Interior Health CEO Chris Mazurkewich says there are no plans to wipe out the Ashcroft Hospital.

Interior Health CEO Chris Mazurkewich says there are no plans to wipe out the Ashcroft Hospital.

New Interior Health CEO looks at local healthcare

President and CEO Chris Mazurkewich acknowledges that a new model for rural healthcare must be found.

Chris Mazurkewich, who was appointed President and CEO of Interior Health in October 2015, was in Ashcroft last week with a team of IH officials. They met with members of local Councils, representatives of the Wellness and Health Action Coalition and the Ashcroft and District Health Care Auxiliary, and other stakeholders to discuss the state of healthcare in this region, and what the future looks like.
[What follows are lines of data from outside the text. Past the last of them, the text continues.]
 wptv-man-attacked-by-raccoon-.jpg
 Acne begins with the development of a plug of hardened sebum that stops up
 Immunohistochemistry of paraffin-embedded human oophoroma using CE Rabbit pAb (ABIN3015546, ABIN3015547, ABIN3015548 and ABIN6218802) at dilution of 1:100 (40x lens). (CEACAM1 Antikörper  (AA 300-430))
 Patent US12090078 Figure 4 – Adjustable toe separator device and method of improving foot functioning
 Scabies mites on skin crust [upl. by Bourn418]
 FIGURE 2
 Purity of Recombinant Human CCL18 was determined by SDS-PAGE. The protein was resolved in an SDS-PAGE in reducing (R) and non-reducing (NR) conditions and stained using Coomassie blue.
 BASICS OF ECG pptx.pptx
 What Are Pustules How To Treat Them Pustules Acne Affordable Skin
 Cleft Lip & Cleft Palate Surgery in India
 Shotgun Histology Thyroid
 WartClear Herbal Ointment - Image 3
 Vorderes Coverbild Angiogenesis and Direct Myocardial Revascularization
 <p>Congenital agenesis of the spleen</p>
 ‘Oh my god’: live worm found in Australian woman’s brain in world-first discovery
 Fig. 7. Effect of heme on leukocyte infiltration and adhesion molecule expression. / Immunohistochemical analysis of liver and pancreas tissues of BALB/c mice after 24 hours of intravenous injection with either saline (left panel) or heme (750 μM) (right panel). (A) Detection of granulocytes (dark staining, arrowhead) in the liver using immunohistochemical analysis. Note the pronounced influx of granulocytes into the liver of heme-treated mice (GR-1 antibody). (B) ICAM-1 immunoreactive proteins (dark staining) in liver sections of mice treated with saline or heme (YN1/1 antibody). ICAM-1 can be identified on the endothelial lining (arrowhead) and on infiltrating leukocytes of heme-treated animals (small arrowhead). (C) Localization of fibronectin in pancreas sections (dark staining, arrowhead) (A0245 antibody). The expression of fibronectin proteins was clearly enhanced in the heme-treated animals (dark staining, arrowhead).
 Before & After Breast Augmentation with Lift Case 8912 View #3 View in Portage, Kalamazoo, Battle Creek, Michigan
Mazurkewich was also able to sit down to a one-on-one interview, where he discussed the challenges local healthcare is facing.

Mazurkewich is no stranger to Interior Health, having been the Chief Operating Officer, Strategic and Corporate Services, for IH from 2002 to 2009. Prior to returning to IH last year he spent four years with Alberta Health services.

The biggest challenge he sees for rural healthcare is the recruitment and retention of a sufficient number of physicians who are trained and willing to do emergency work. However, he notes that a team approach is needed, with nursing, lab, and diagnostic imaging personnel needed to support physicians.

“Most doctors now want a work/life balance,” he says. “Some want the full scope of a practice, which includes emergency and hospital work; that attracts a certain type of physician. But other community doctors and nurses say ‘No’; they want more of a clinical practice. And some communities are fine with that.”

Nurse practitioners are, he says, a possible solution in some places. “They can do a lot of primary care, but there are certain emergencies they can’t do.” He adds that as things stand now, a community that gains a nurse practitioner usually does so at the expense of somewhere else. However, he notes that IH has filled 300 new nursing positions in the last 90 days.

What it comes down to finding out from a community what it needs. “The old model isn’t sustainable. We need to talk with rural communities about what is a sustainable healthcare model, and get input to see what that looks like. What do you think you need?”

When asked about the future of the Ashcroft hospital he says that IH has “no plans” to wipe out the facility. He adds, however, that people need to understand what emergency is. “Most industrialized countries have far fewer emergency room visits than we do. People are going to emergency because they don’t have a personal physician, but polls show that people prefer services in a non-hospital setting.

“We have to accept that there are other ways of providing care. People say they want a hospital, but when questioned they say what they really want is support and care. We’re trying to provide that. There’s a balance between needing and getting care; the trick is to find the right balance.”

People need to take more preventive measures to stay healthy, he says, to avoid needing hospital care, and points to his 86-year-old mother as an example. “She’s a diabetic, but looks after herself and has the support and care she needs. If she wasn’t taking and using these preventive measures she would need more hospital care. If you know your health, you can take preventive measures and stay healthy.

“We’re working with communities to create health charters. We know that if you have exercise facilities like biking and walking paths, people are healthier.”

He also acknowledges that we need to be smarter about how we support new physicians coming into rural communities, which means everything from helping them assimilate into a possibly new culture to determining whether they want to manage their own clinic, as is the case in Ashcroft. “Some people like to run a business, and some don’t,” he says. “For those who don’t, we need to change the model.”

While he notes that there can’t be a unique healthcare model for every community within IH, Mazurkewich says that there are different models that can be looked at, to see which works best. “There are good examples out there, and communities need to share, to see which one works for them.

“We’re vested in Ashcroft, and want to work with the community. We need to recruit and train the appropriate professionals, and listen to what people tell us and say they want.”